Paige Layle Shares Her Journey To Diagnosis: Living Authentic Autistic Life

By Ron Sandison

My tone ‘on social media’ ranges from funny to serious, to angry to goofy, but what remains the same is my passion to get my message across and dedication to understanding more about autistic people.
Paige Layle

I enjoyed interviewing author Paige Layle and was refreshed by her honesty, humor, and autistic stories. In March 2020, Paige began sharing on social media her challenges with ADHD and autism. She quickly attracted 2.7M TikTok and 156k Instagram followers and 177K subscribers on YouTube. Four years later she celebrating the release of her first book But Everyone Feels This Way: How an Autism Diagnosis Saved My Life. Paige’s insight provides clarity and enables us understand the challenges autistic female’s experience.

1. What was your childhood like growing up in Kawartha Lakes, Canada?  
Not gonna lie, it was lonely a lot of the time.
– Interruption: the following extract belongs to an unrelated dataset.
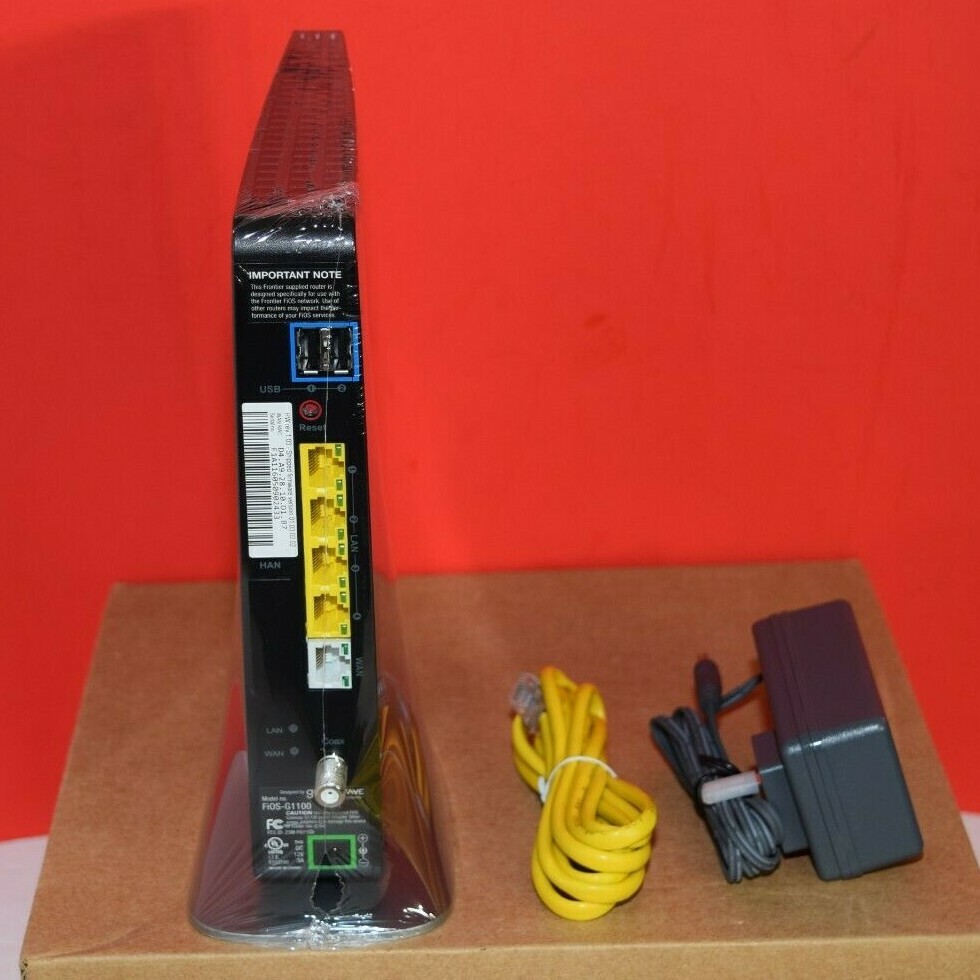 Frontier Fios G1100 Router For Sale In Seattle, WA - Foto 4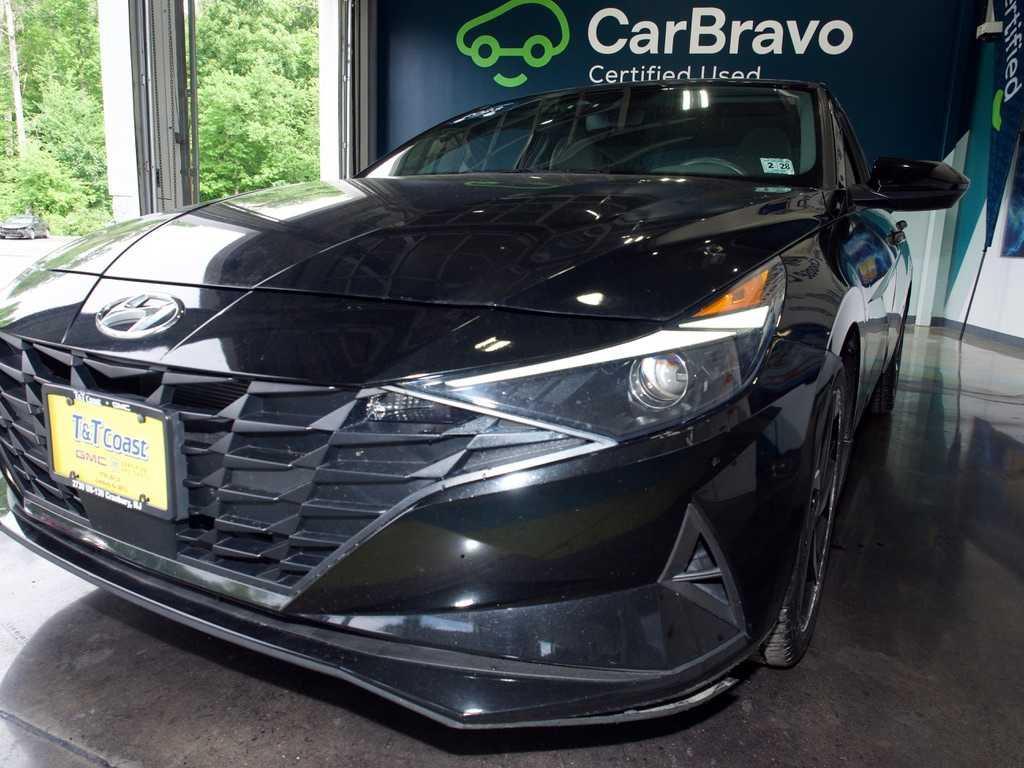 used 2023 Hyundai Elantra car, priced at $21,533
I was alone often. It took a bike ride to get to the next house down the road, and none of them anywhere near my house had kids my age. It was great to have a little brother to hang out with, but he would hang out with our father outside a lot as we got older, and would be home less and less as he made more friends and had more fun opportunities with them. It was great to have some property to be able to adventure in and interact with, and having a dog and a cat growing up.

2. As a child what were some of your enthusiasms and passions?
I’ve always had an affinity for children and animals. I’m quite good with them and they like me a lot. From dogs and cats, to bugs and frogs and birds and cows. I tutored kids in school, babysat for many lovely families, volunteered at camps for kids every summer since I was eleven, and I even spent half of my grade eleven year in a grade one classroom as a teachers assistant, helping the kids learn how to read. Now, I work part time as a dance teacher, which I think is the most fulfilling work. I get to watch the same kids grow and learn and progress over the years. I’m so lucky and thankful to be someone my dancers can trust and confide in as a mentor throughout their growing years.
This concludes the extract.